___ Recorded data

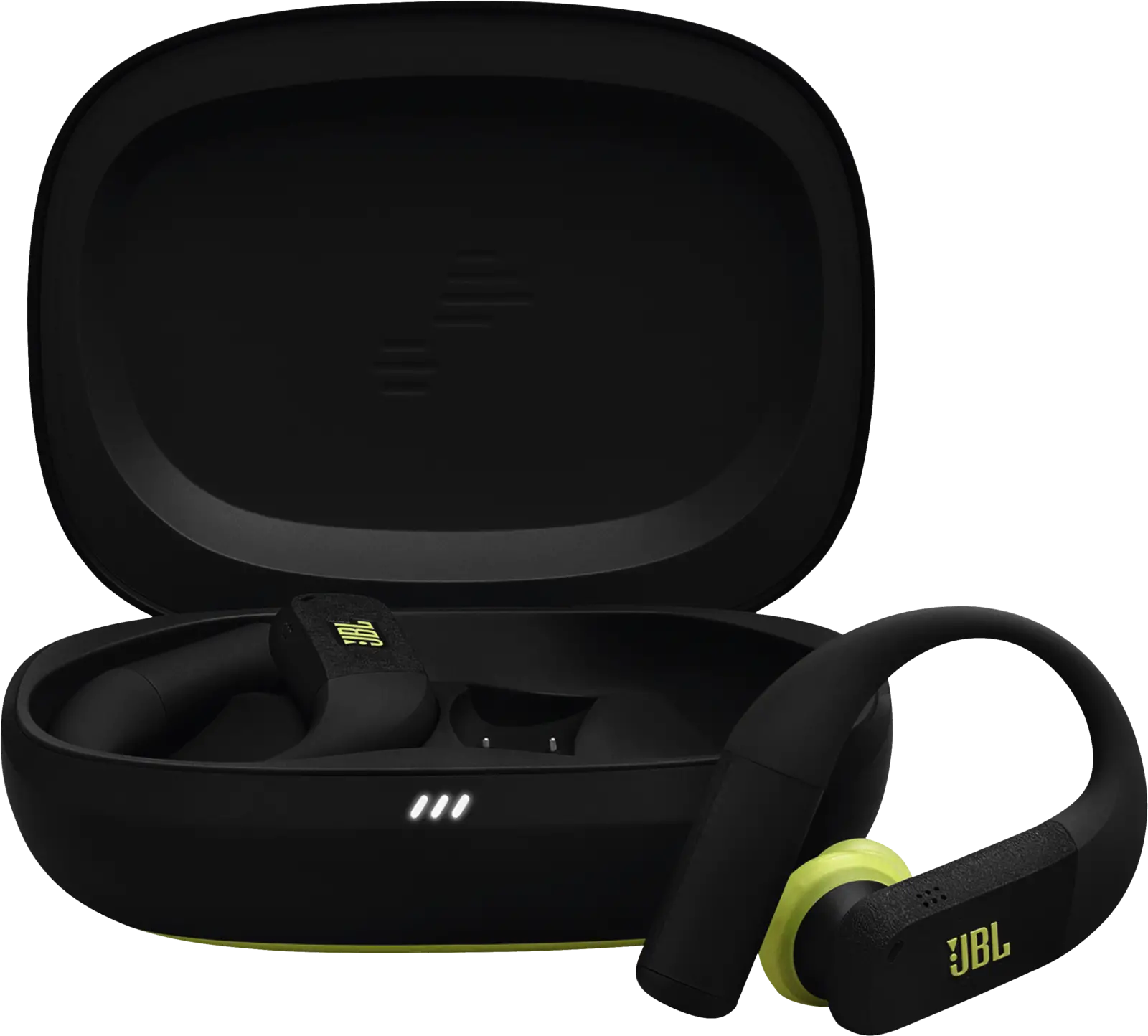 JBL Endurance Peak 4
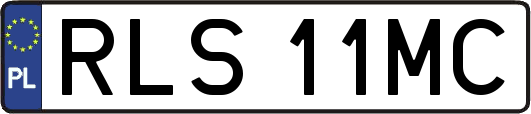 RLS11MC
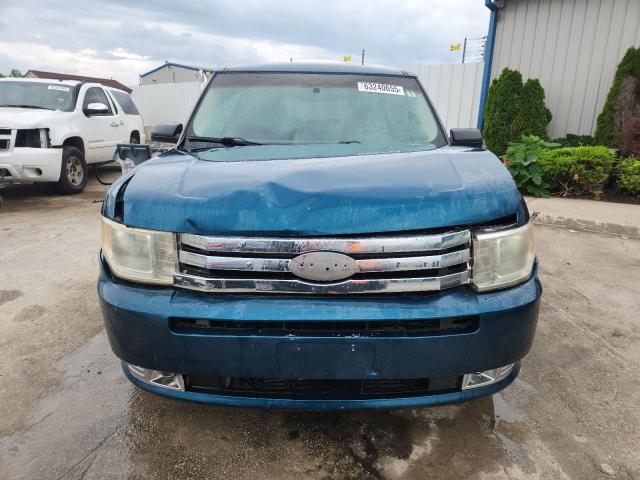 Photo 5 from auction – 2011 FORD FLEX SE with VIN 2FMGK5BC2BBD13920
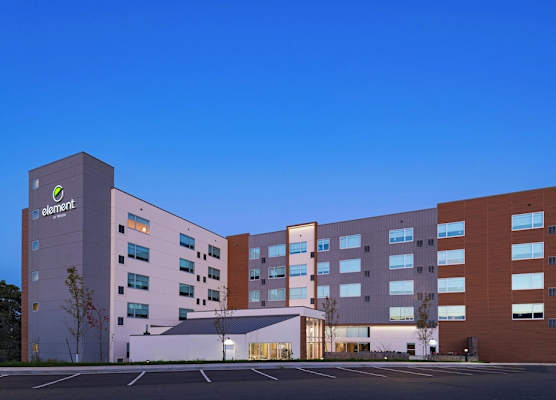 Element by Marriott Spring Valley 1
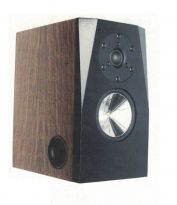 Hobby Hifi  Quicksilver - Speaker KIT without Cabinet 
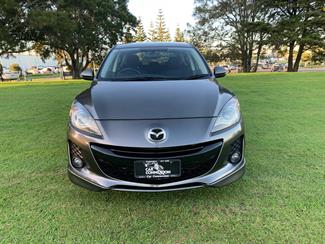 2012 Mazda AXELA - Thumbnail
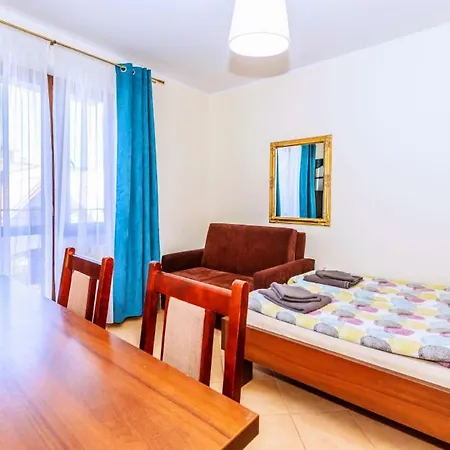 招待所 奥利维亚旅馆 3*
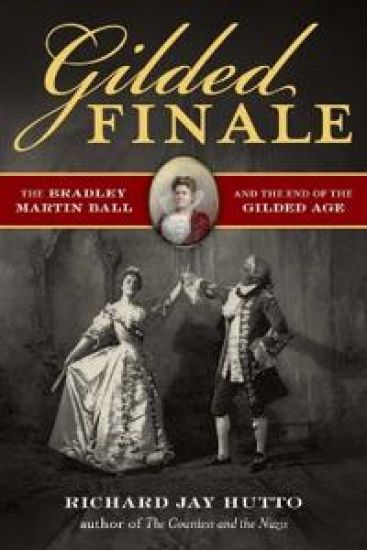 Gilded Finale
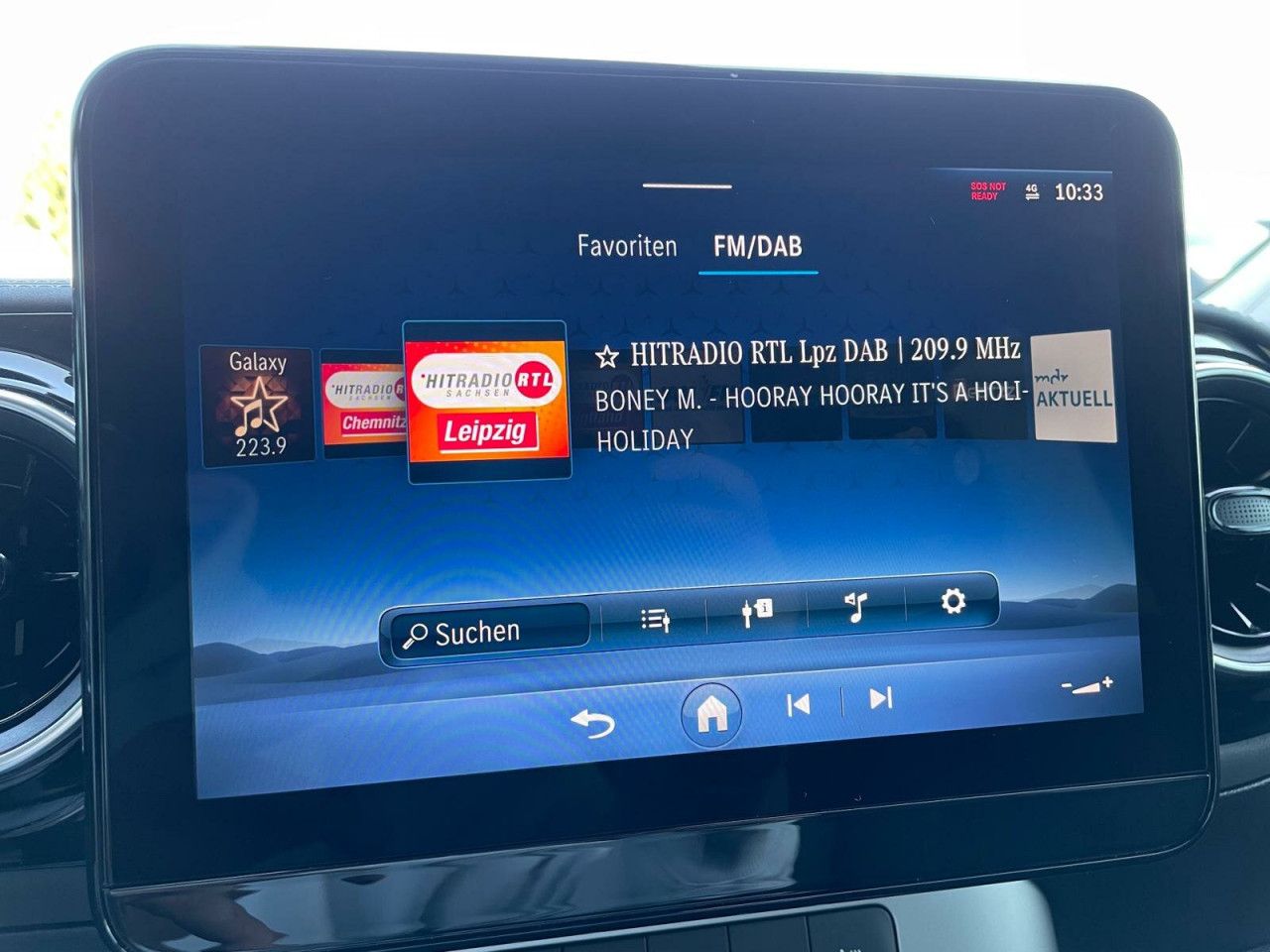 Fahrzeugbild 17 / 22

______

= Task directions =
Going from the line holding "KIT without Cabinet" to the last line of the data above, reproduce every line exactly, both included, with the pictures omitted.

= Response box =
 Hobby Hifi  Quicksilver - Speaker KIT without Cabinet 
 2012 Mazda AXELA - Thumbnail
 招待所 奥利维亚旅馆 3*
 Gilded Finale
 Fahrzeugbild 17 / 22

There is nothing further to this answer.